#### [DATA FOR THIS EXERCISE]

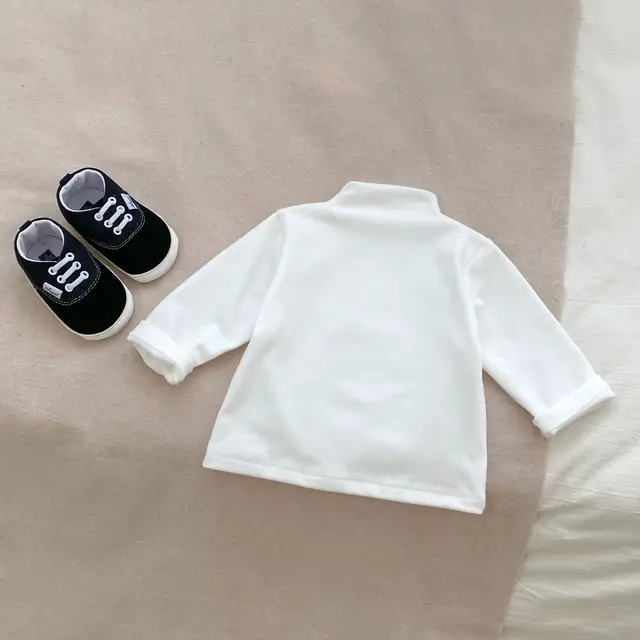 추운 계절을 맞이하는 촉촉하고 따뜻한 아이 의류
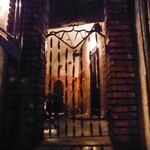 ザ バー ワタナベ - この鉄扉の向こうにお店の入口が…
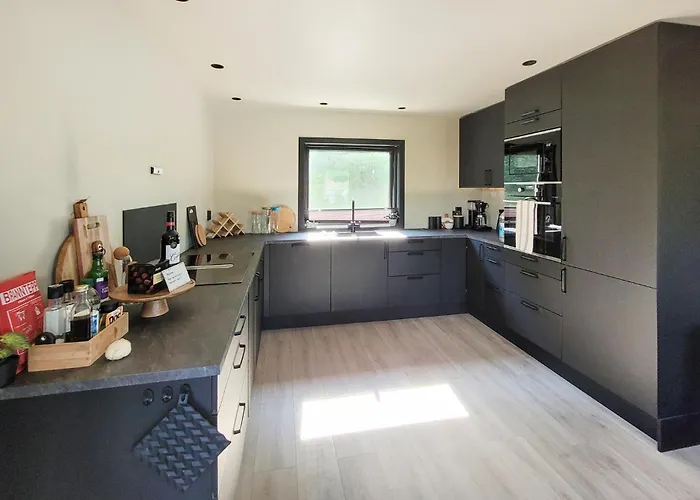 Vakantiehuis In With House Sea View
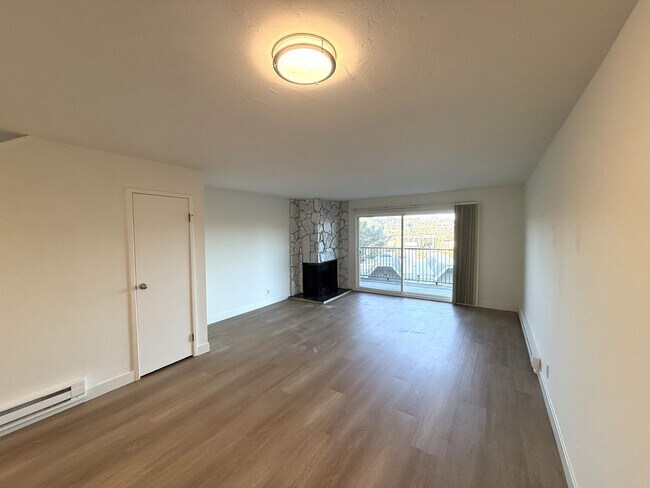 Foto del edificio - UPDATED 2 BEDROOM END UNIT 2-STORY CONDO WITH GREAT VIEWS IN SAN RAFAEL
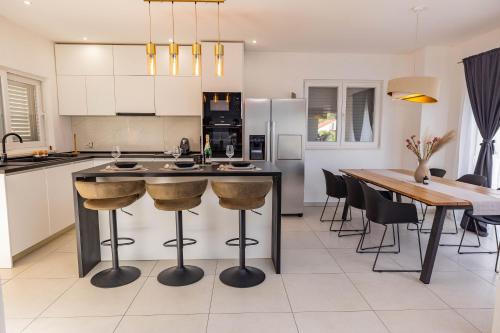 Cove Tri Zala (Zrnovo) Apartment | Sunny Side Up Suite - Korčula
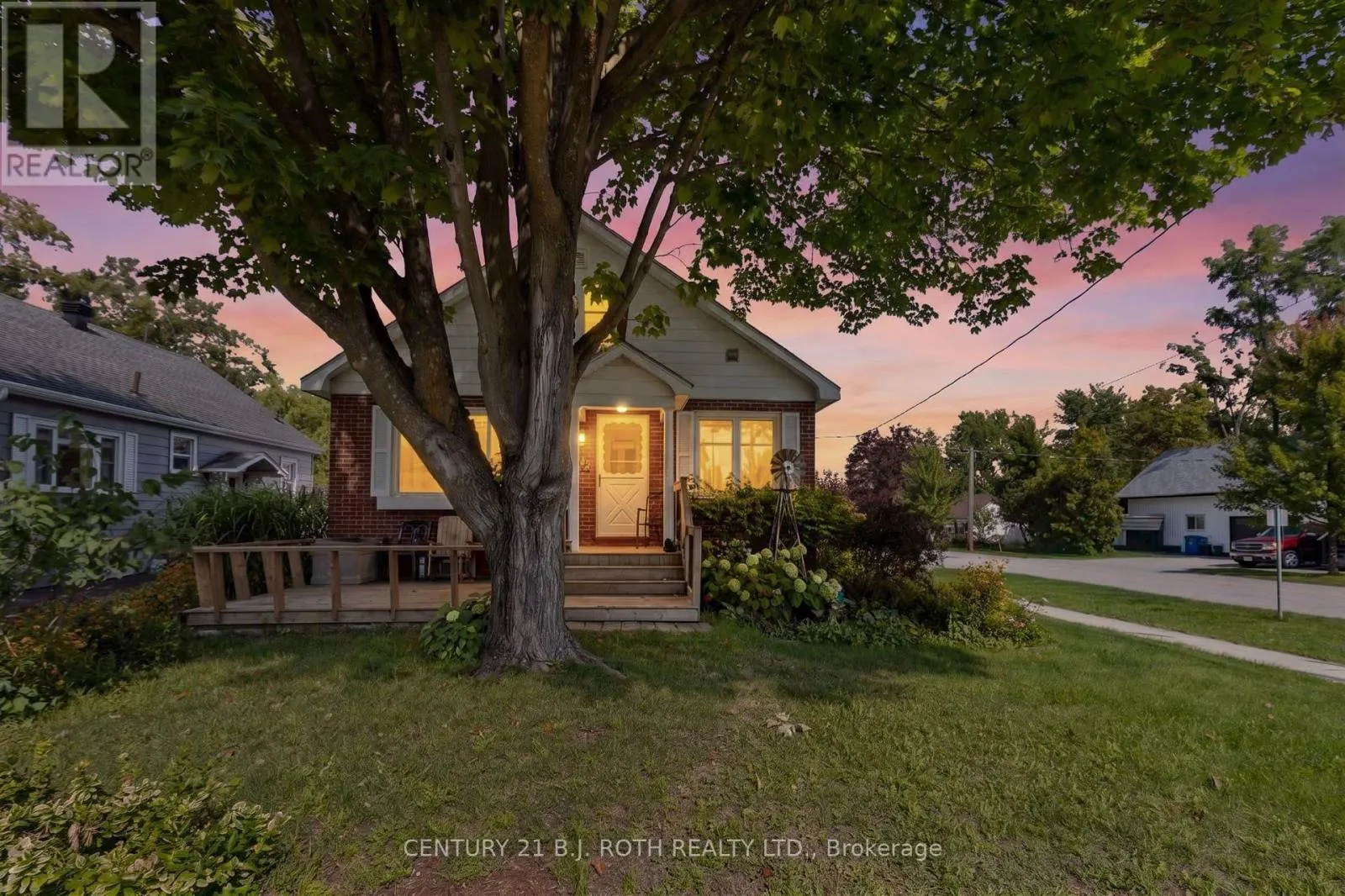 328 COLBORNE STREET W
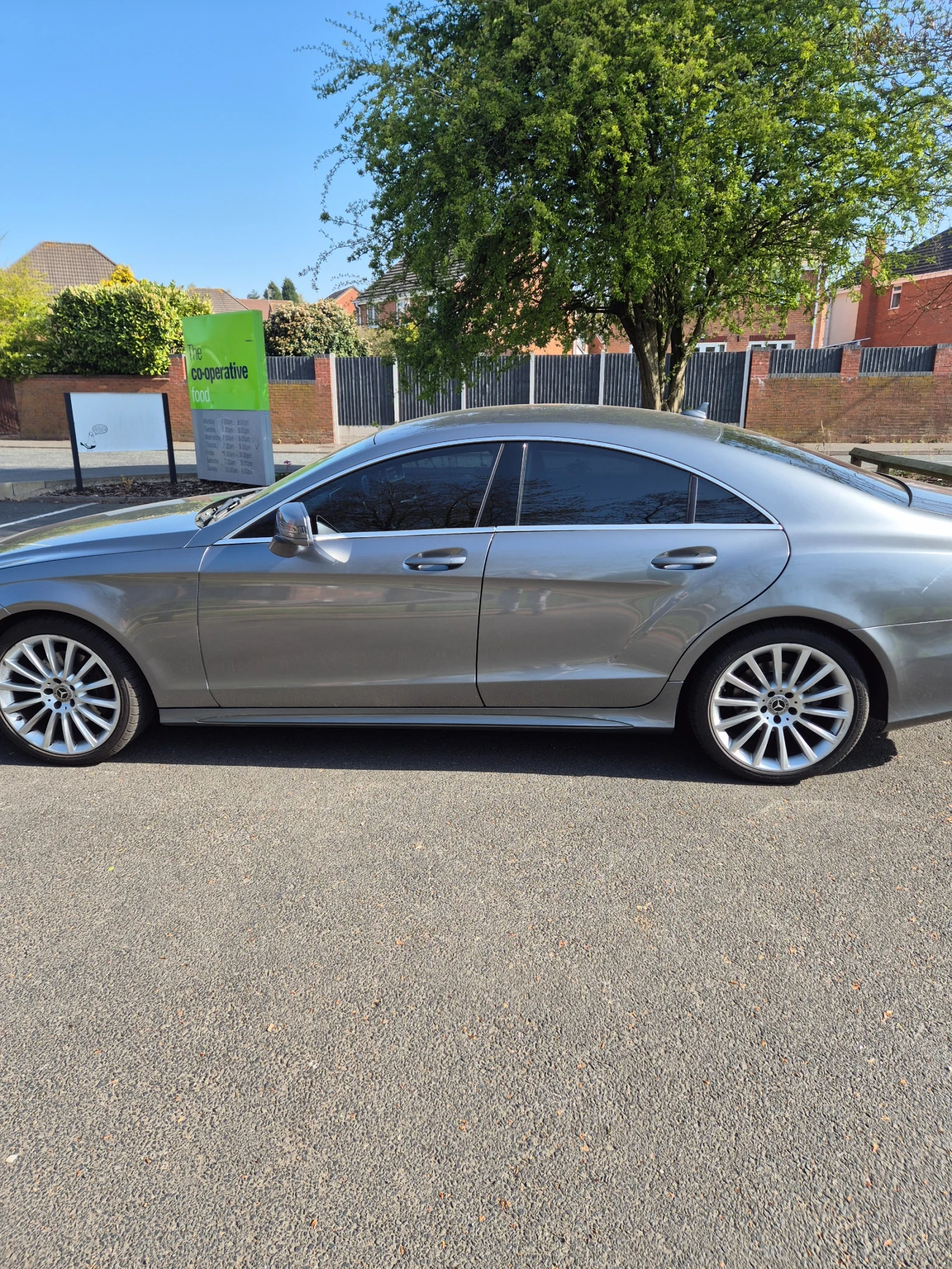 Mercedes-Benz CLS 220 AMG Line, снимка 4 - Автомобили и джипове - 55564271
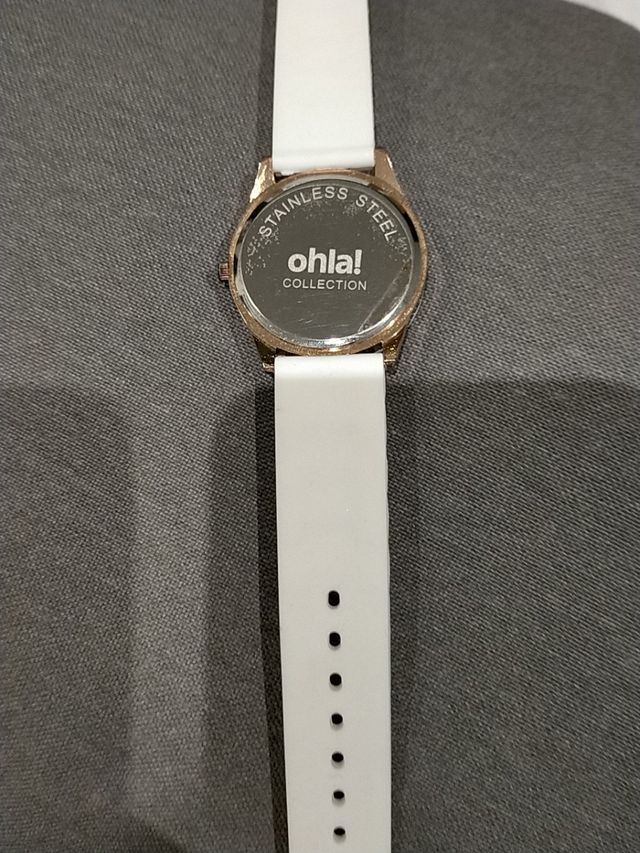 Reloj crudo y dorado ohla!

#### [EXERCISE OBJECTIVE]
Beginning with the line that holds "Vakantiehuis In With House Sea View", extract every line to the end of the material, exactly as it stands, and drop the pictures.

#### [SOLVED EXERCISE]
 Vakantiehuis In With House Sea View
 Foto del edificio - UPDATED 2 BEDROOM END UNIT 2-STORY CONDO WITH GREAT VIEWS IN SAN RAFAEL
 Cove Tri Zala (Zrnovo) Apartment | Sunny Side Up Suite - Korčula
 328 COLBORNE STREET W
 Mercedes-Benz CLS 220 AMG Line, снимка 4 - Автомобили и джипове - 55564271
 Reloj crudo y dorado ohla!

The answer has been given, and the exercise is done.